The vertical structure of the stellar disk in NGC 551

We self-consistently determine the 3D density distribution of NGC 551's stellar disk and study observational signatures of two-component stellar disks. Assuming baryonic disks are in hydrostatic equilibrium, we solved the Poisson-Boltzmann equation to estimate 3D density distribution. We used integral-field spectroscopic observations to estimate stellar velocity dispersion and built a 3D dynamical model using these density solutions and the observed rotation curve. We generated simulated surface brightness maps and compared them with observations to verify modeling consistency. The dynamical model was inclined to 90° to produce an edge-on surface density map, which we investigated by fitting different 2D functions and plotting vertical cuts in logarithmic scale.
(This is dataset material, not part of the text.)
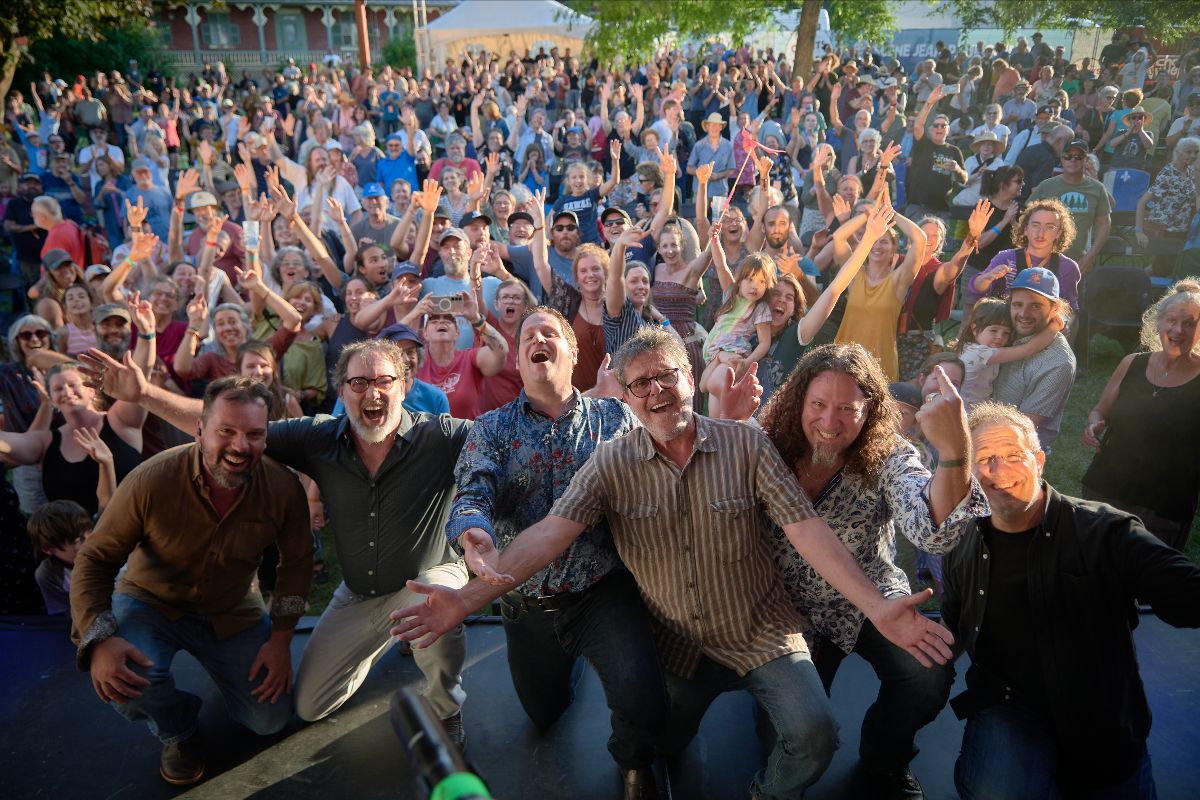 Le Vent du Nord avec le Chevreuil Michel Bordeleau devant la foule à la toute fin du concert de clôture du dimanche. Photo Guillaume Morin
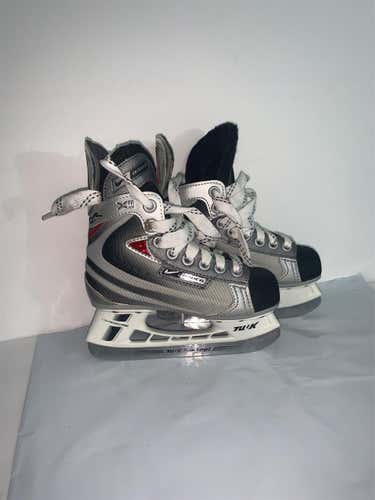 Youth Bauer Vapor XII Regular Width  Size 10 Hockey Skates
We estimated vertical stellar velocity dispersion using an iterative method, obtaining results consistent with the Disk Mass Survey formalism. Through dynamical modeling, we produced moment maps that reasonably matched observations. We examined the simulated edge-on model by taking vertical cuts and decomposing them into multiple Gaussian components. We find that artificial double Gaussian components arise due to line-of-sight integration effects, even for single-component disks. This indicates that decomposing vertical intensity cuts into multiple Gaussian components is unreliable for multicomponent disks. Instead, an up-bending break visible in logarithmic-scale vertical cuts serves as a more reliable indicator for two-component disks. We performed 2D fitting on the edge-on surface density map using the product of a scaled modified Bessel function and $sech^2$ function to estimate structural parameters. These traditional methods systematically underestimate the scale length and flattening ratio. Therefore, we suggest using detailed modeling to accurately deduce stellar disk structural parameters.